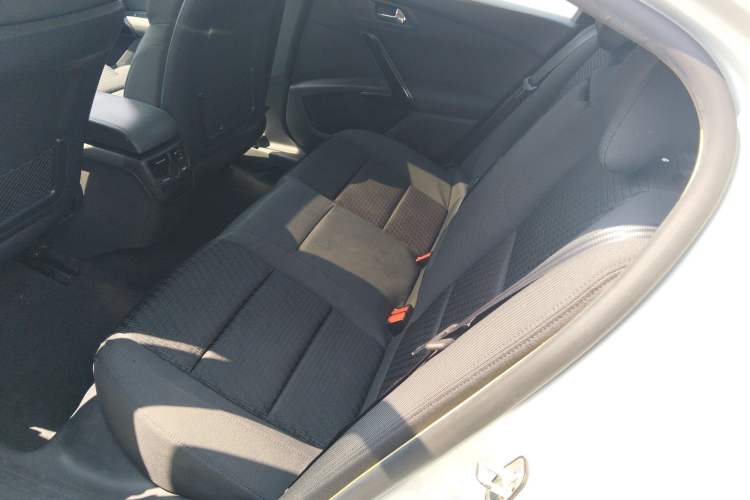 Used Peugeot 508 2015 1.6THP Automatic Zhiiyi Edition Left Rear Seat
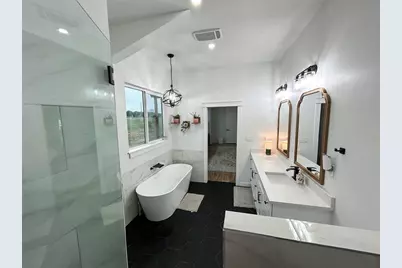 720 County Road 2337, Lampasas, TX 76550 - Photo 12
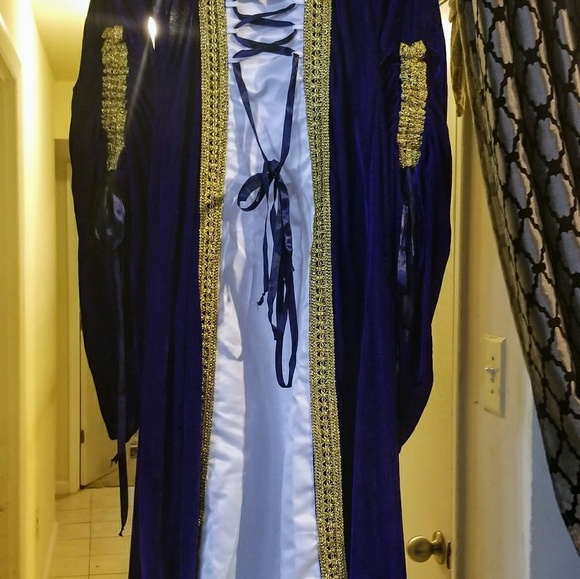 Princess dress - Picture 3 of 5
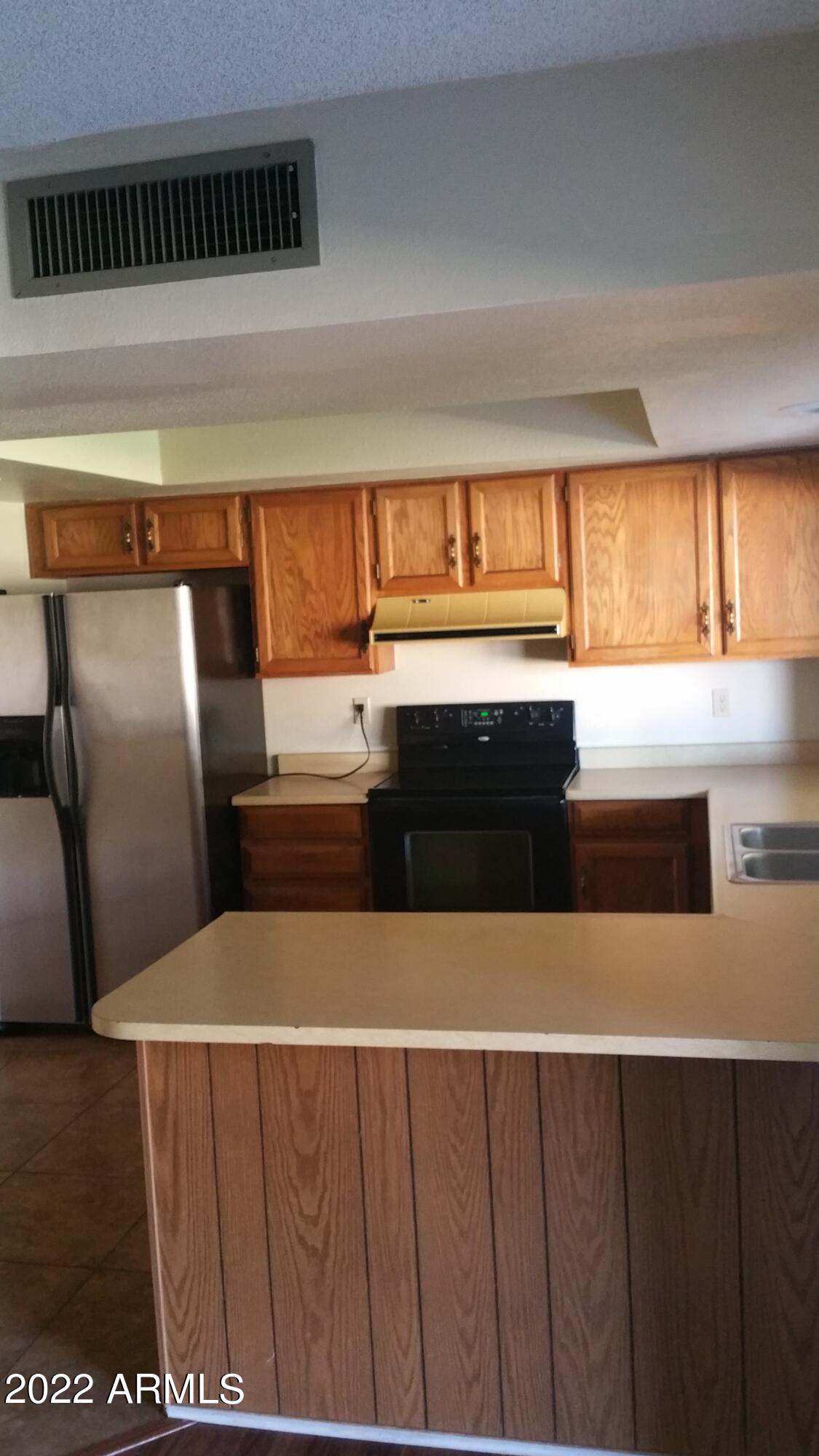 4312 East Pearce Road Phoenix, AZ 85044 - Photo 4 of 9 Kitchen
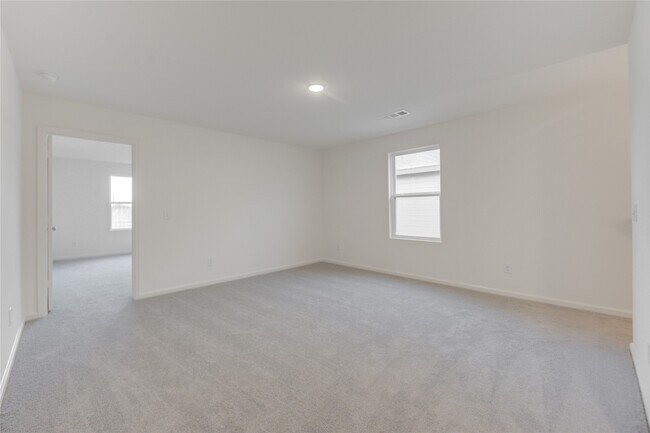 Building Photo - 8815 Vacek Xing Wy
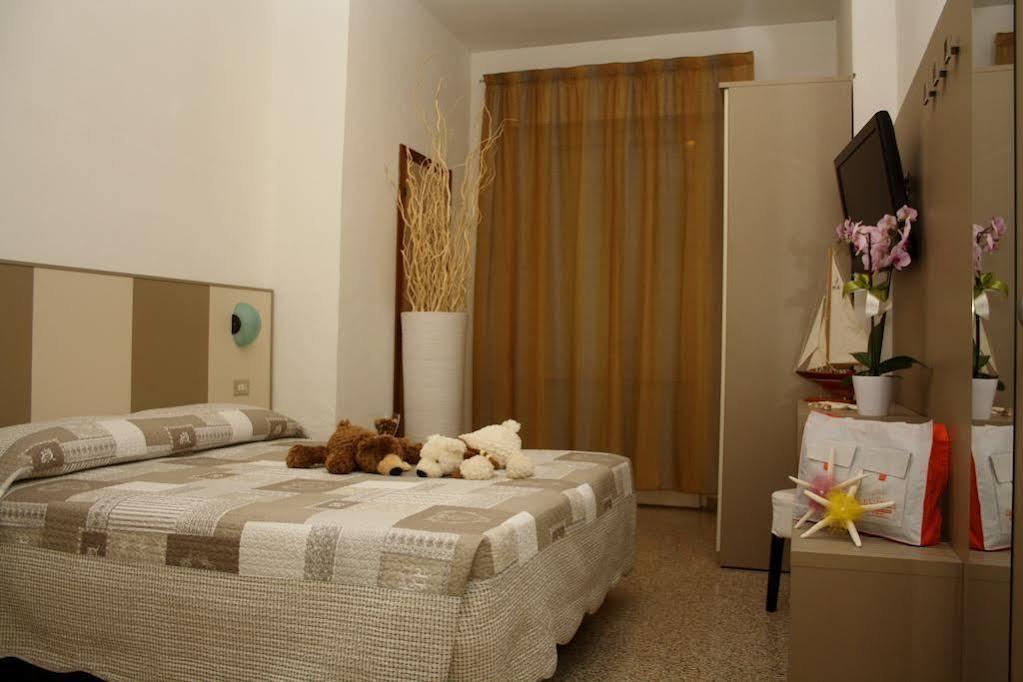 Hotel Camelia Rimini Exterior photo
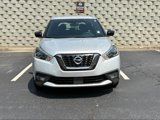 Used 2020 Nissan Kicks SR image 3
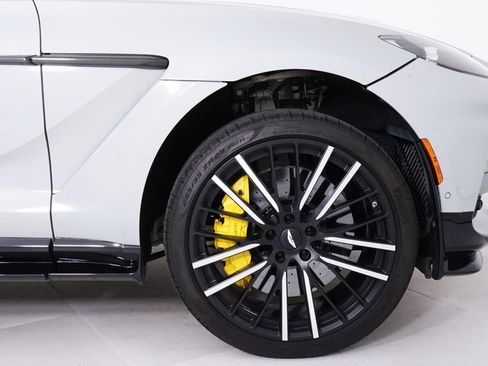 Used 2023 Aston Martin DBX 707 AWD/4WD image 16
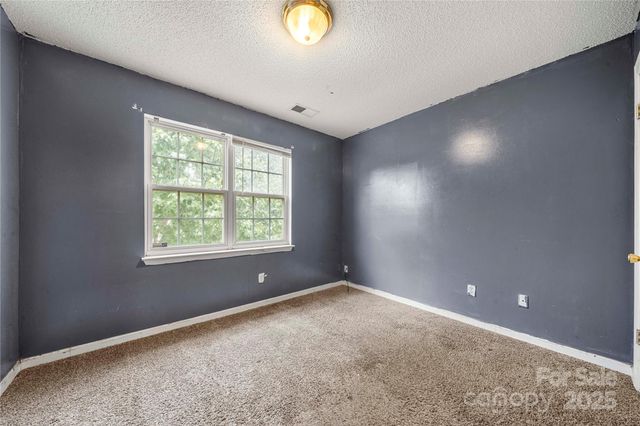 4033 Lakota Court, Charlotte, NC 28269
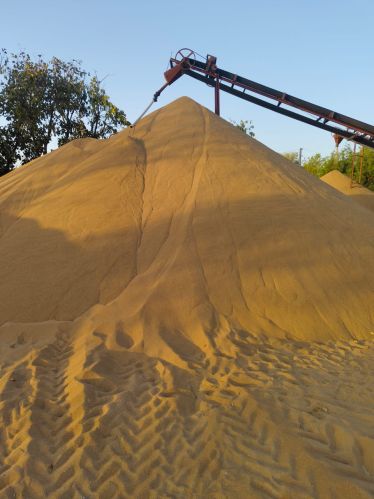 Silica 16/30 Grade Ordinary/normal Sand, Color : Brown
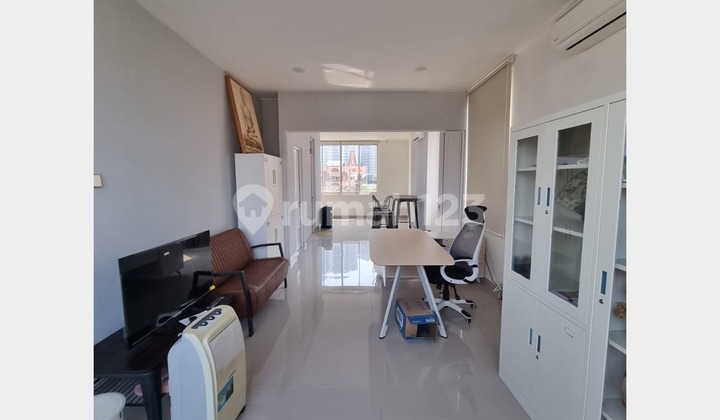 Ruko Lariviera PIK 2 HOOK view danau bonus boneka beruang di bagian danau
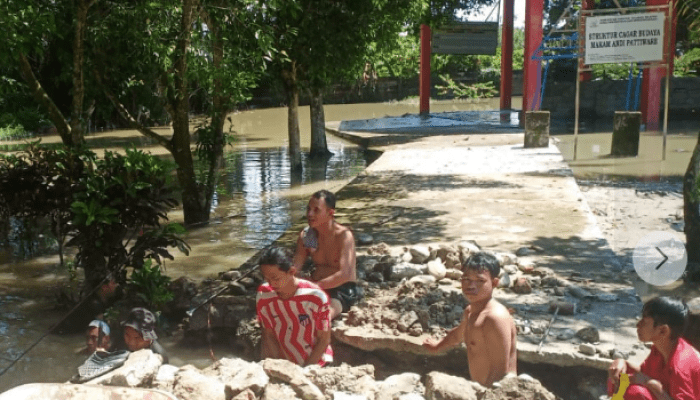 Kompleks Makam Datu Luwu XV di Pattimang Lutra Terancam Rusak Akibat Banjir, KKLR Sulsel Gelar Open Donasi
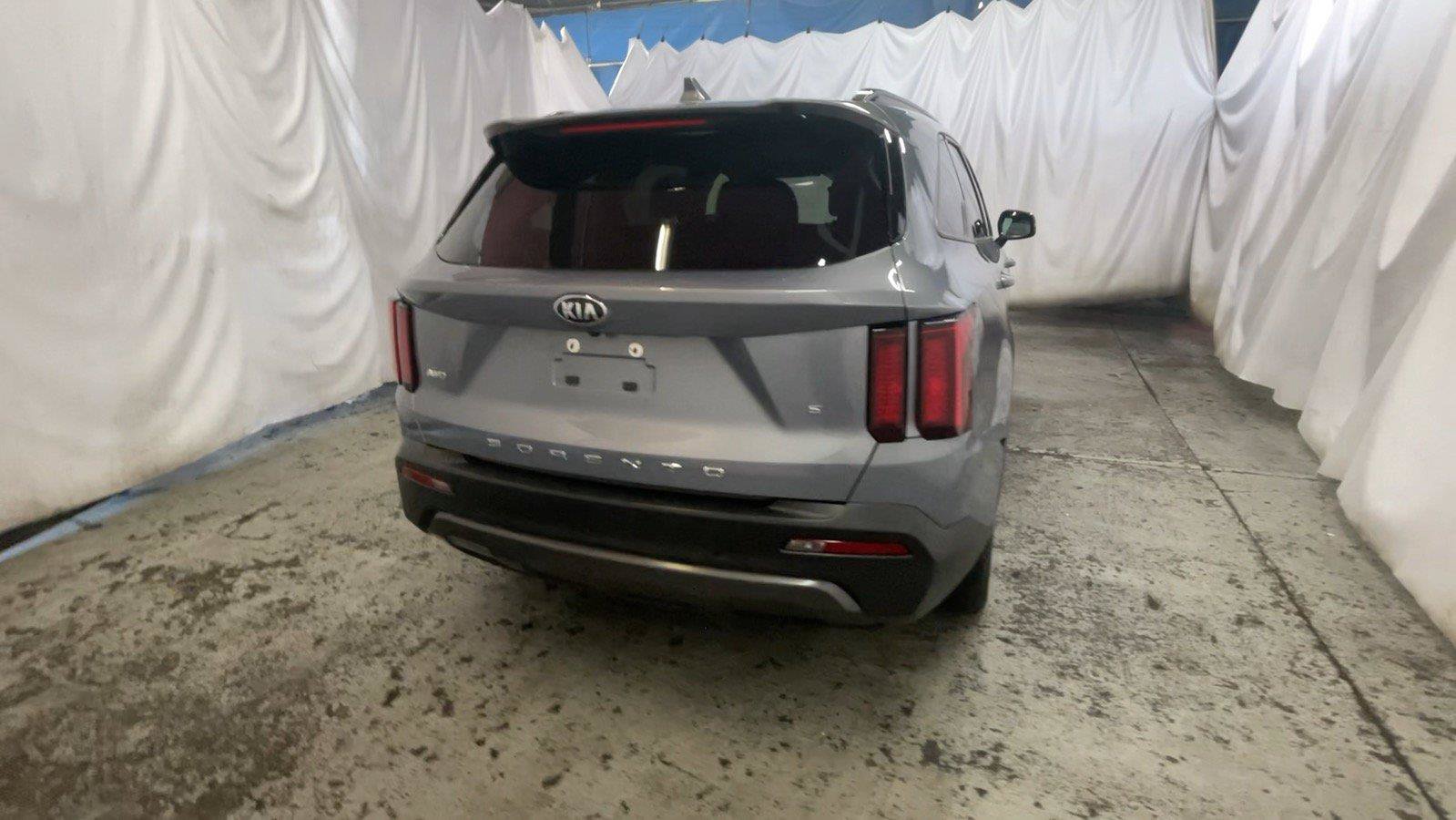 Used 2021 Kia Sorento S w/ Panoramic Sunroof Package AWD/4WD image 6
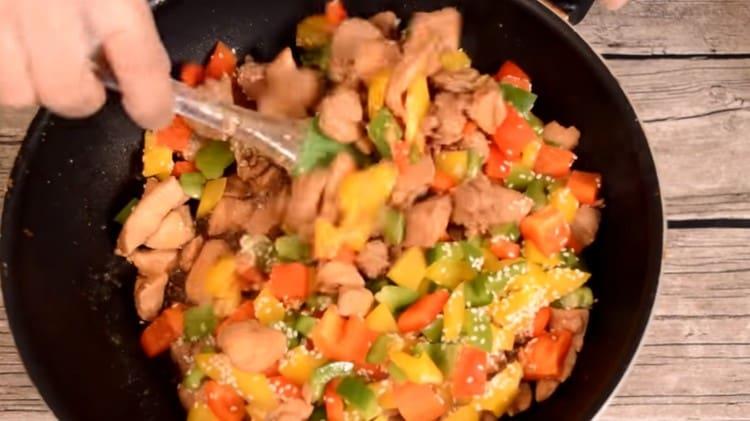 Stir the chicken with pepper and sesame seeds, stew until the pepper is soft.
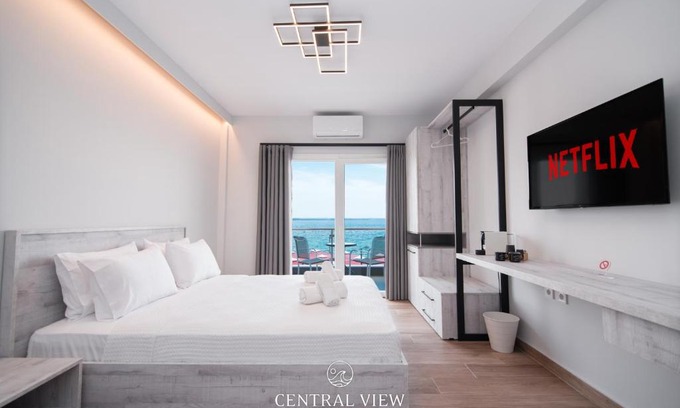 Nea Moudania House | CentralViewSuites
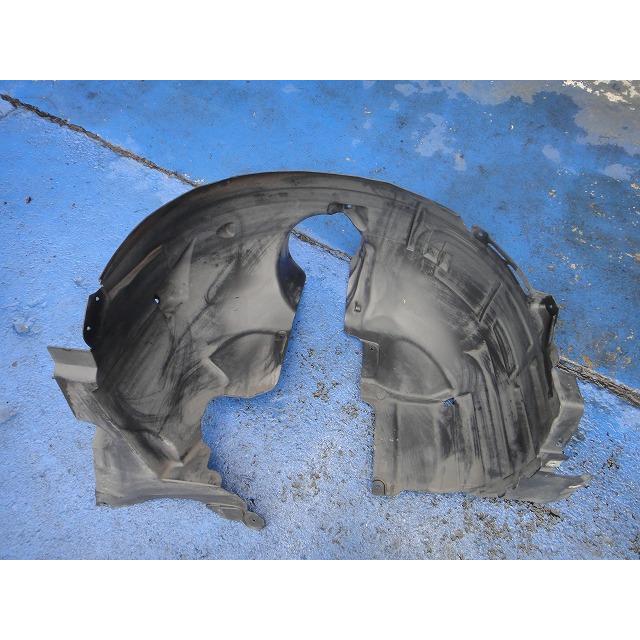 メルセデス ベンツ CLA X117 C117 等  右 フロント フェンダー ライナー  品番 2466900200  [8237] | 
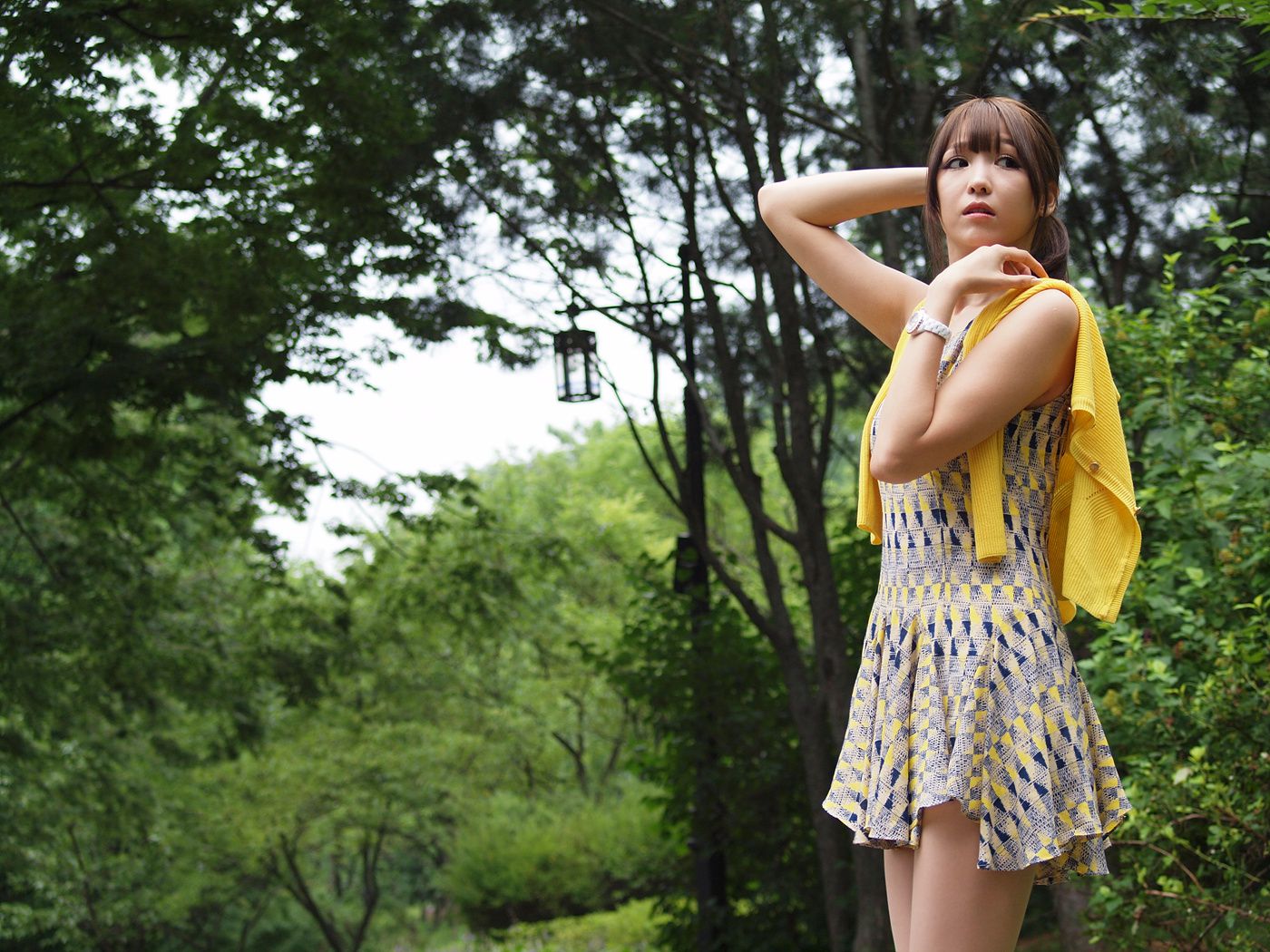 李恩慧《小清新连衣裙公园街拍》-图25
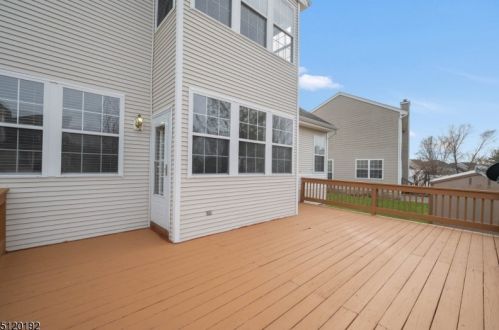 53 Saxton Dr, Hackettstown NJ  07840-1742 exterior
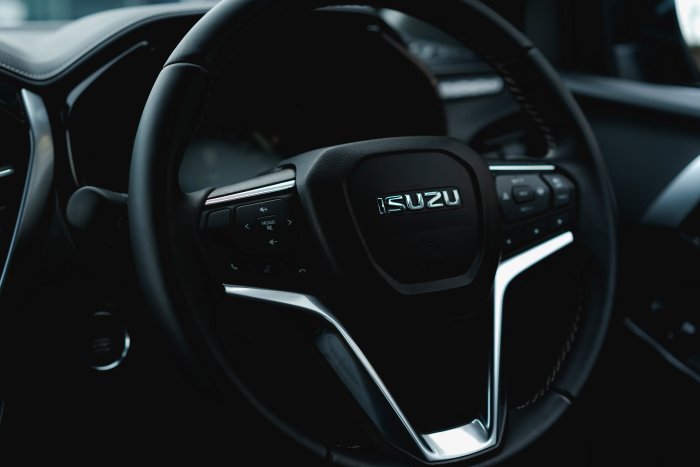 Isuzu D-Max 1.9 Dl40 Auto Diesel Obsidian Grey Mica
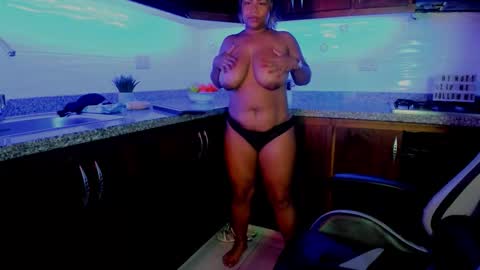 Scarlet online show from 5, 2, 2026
★ ★ ★ ★ ★
Repeat, word for word and with no pictures, only the lines running from the beginning of the data to the line that contains "Silica 16/30 Grade".

 Used Peugeot 508 2015 1.6THP Automatic Zhiiyi Edition Left Rear Seat
 720 County Road 2337, Lampasas, TX 76550 - Photo 12
 Princess dress - Picture 3 of 5
 4312 East Pearce Road Phoenix, AZ 85044 - Photo 4 of 9 Kitchen
 Building Photo - 8815 Vacek Xing Wy
 Hotel Camelia Rimini Exterior photo
 Used 2020 Nissan Kicks SR image 3
 Used 2023 Aston Martin DBX 707 AWD/4WD image 16
 4033 Lakota Court, Charlotte, NC 28269
 Silica 16/30 Grade Ordinary/normal Sand, Color : Brown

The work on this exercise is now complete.